EXERCISE :: The lines wanted are those from the one containing "OH license plate GPU8560" to the last line of the entries below; output them exactly, leaving out pictures.

PROVIDED MATERIAL ::

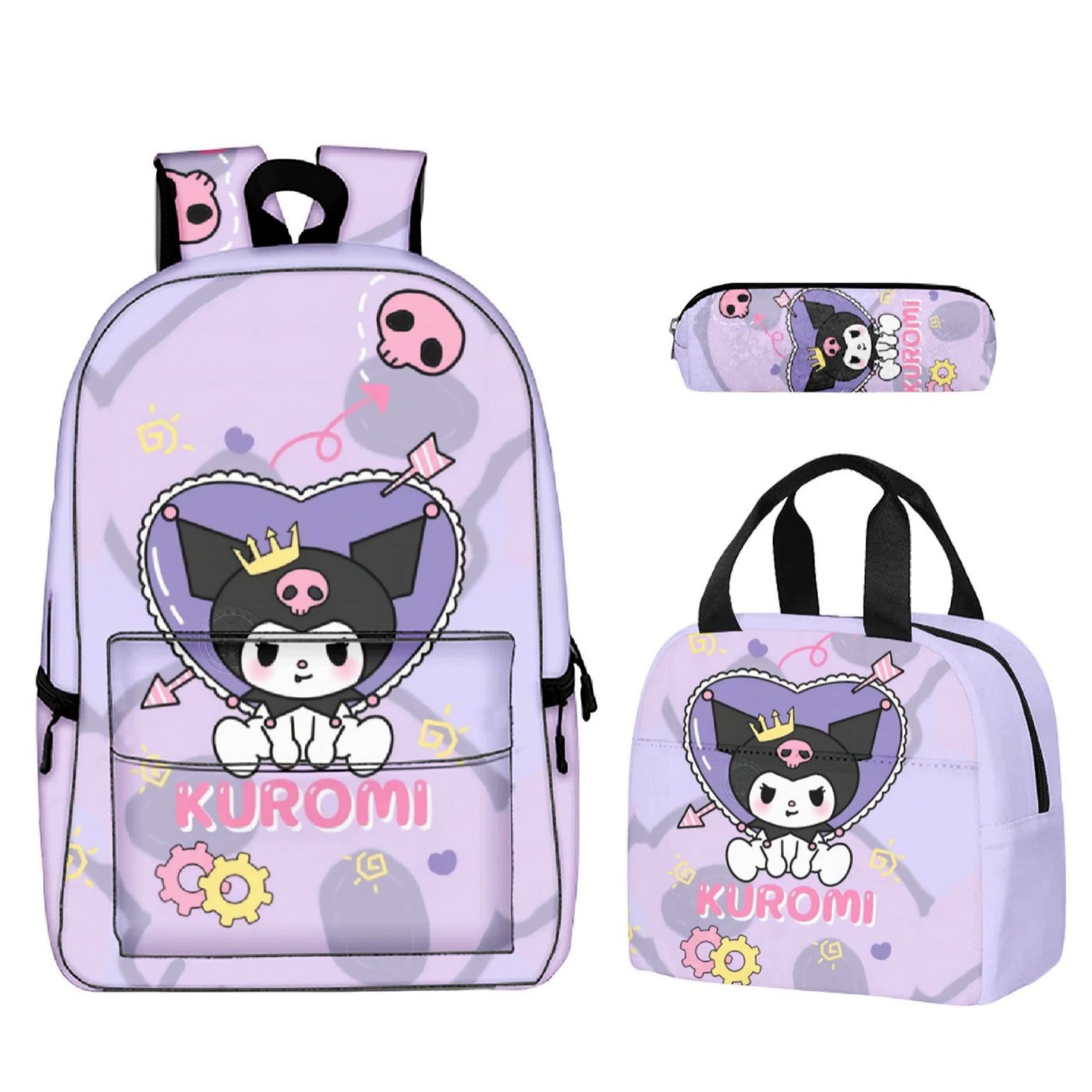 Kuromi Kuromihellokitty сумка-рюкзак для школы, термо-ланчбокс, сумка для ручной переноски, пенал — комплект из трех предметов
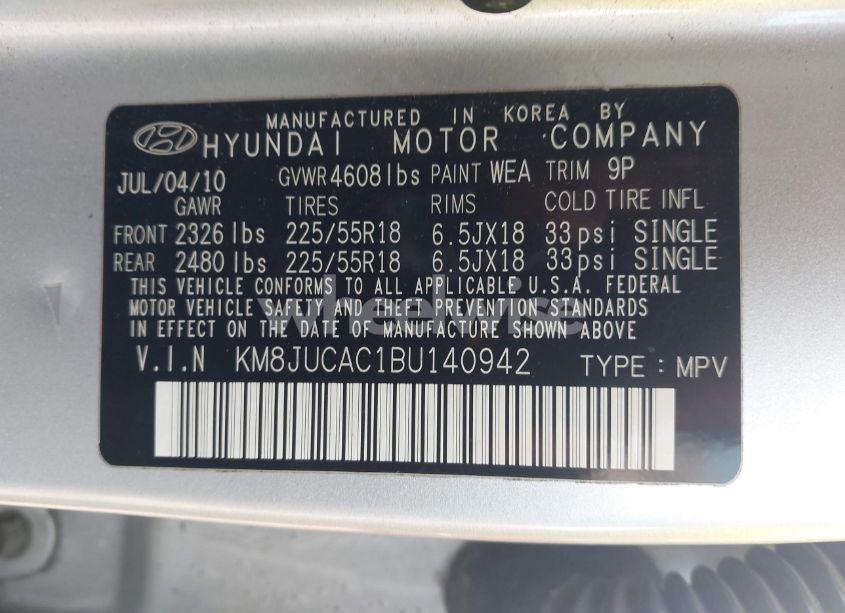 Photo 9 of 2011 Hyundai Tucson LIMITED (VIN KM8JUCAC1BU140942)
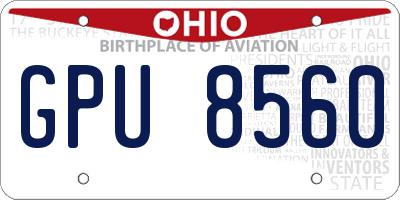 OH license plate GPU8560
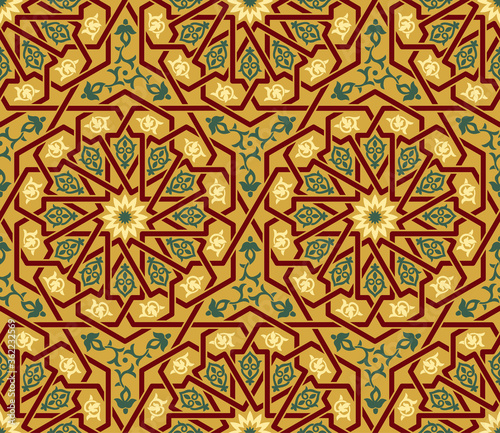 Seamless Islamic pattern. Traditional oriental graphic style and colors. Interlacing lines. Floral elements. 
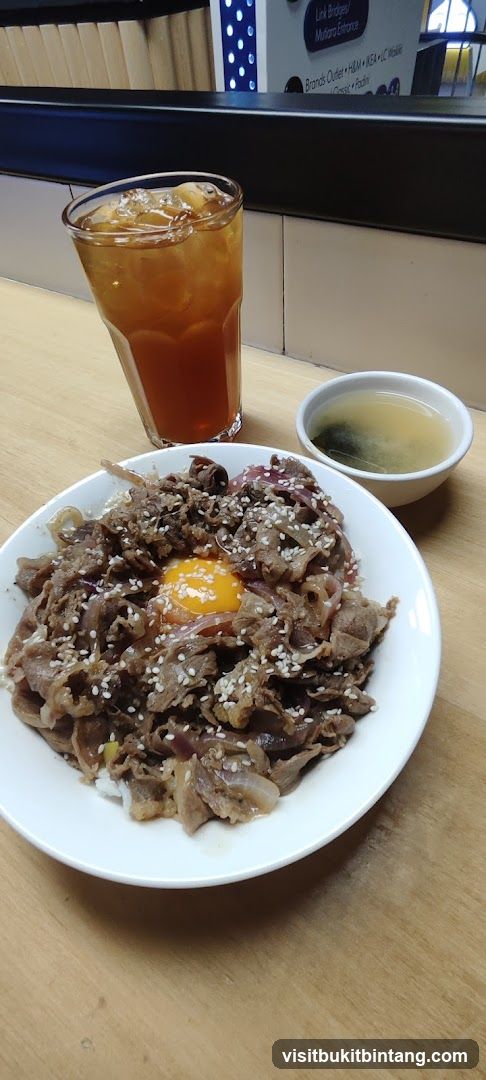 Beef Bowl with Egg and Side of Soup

ANSWER ::
 OH license plate GPU8560
 Seamless Islamic pattern. Traditional oriental graphic style and colors. Interlacing lines. Floral elements. 
 Beef Bowl with Egg and Side of Soup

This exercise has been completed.